3-4 昔、存在していた建物内で自殺があったことの説明がなかった
【買主】買主です。
仲介業者を通じて、土地(更地)を購入しましたが、近所の人から、その土地に「昔、建っていた建物内で自殺があったよ」と聞かされました。
仲介業者に確認をしてみたところ「自殺があったのは事実です」と肯定しましたが、同時に「既に建物が取り壊されているので説明義務はありません」と言われました。法律的には分かりませんが、同じ敷地の中で自殺者が出ていたことを考えると、そのまま住み続けることは心理的に難しいです。
契約解除や、売主や仲介業者に損害賠償請求をすることは出来ないのでしょうか?
契約解除の主張や、損害賠償を請求するには、当該自殺が心理的瑕疵に該当する必要があります。
自殺が心理的に該当するかどうかの判断
法律的には細かいことが決まっていませんので、本当に白黒つけようと思うならば、裁判所の判断を仰ぐしかありません。裁判所では、以下のようなことが判断材料となります。
・自殺があったのが何年前のことか。
・どういった亡くなり方だったのか。
・建物が取り壊されているかどうか。
・近所の住人の認知度(噂)はどの程度あるか。
・購入者が購入した目的。
過去の裁判事例
自殺のあった建物が取り壊されている場合、建物が残っている場合に比べて、心理的嫌悪感はかなり薄れると判断されており、心理的瑕疵とは認められなかったケースがあります。

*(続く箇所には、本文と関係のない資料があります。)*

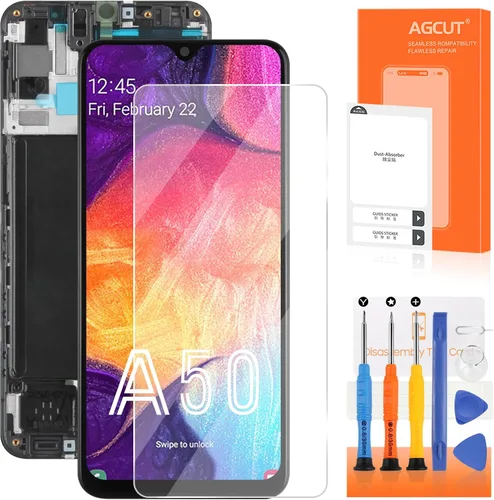 AGCUT OLED para Samsung Galaxy A50 Reemplazo de pantalla para pantalla Samsung A50 Digitalizador SM-A505F SM-A505G/DS SM-A505U Reemplazo de pantalla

また、心理的瑕疵による裁判例では、売買契約の解除までは認めず、損害賠償請求を認める判決が多く出ていることから、仮に裁判上で「建物が取り壊されていたとしても心理的瑕疵がある」と判断された場合においても、売買契約の解除が認められる可能性は極めて低いものと考えられます。
結論
本件では、特殊な事情が無い限り、売買契約の解除は認められないと考えられます。損害賠償請求については、自殺があってからの年数や、その他の事情によって、認められる可能性はあります。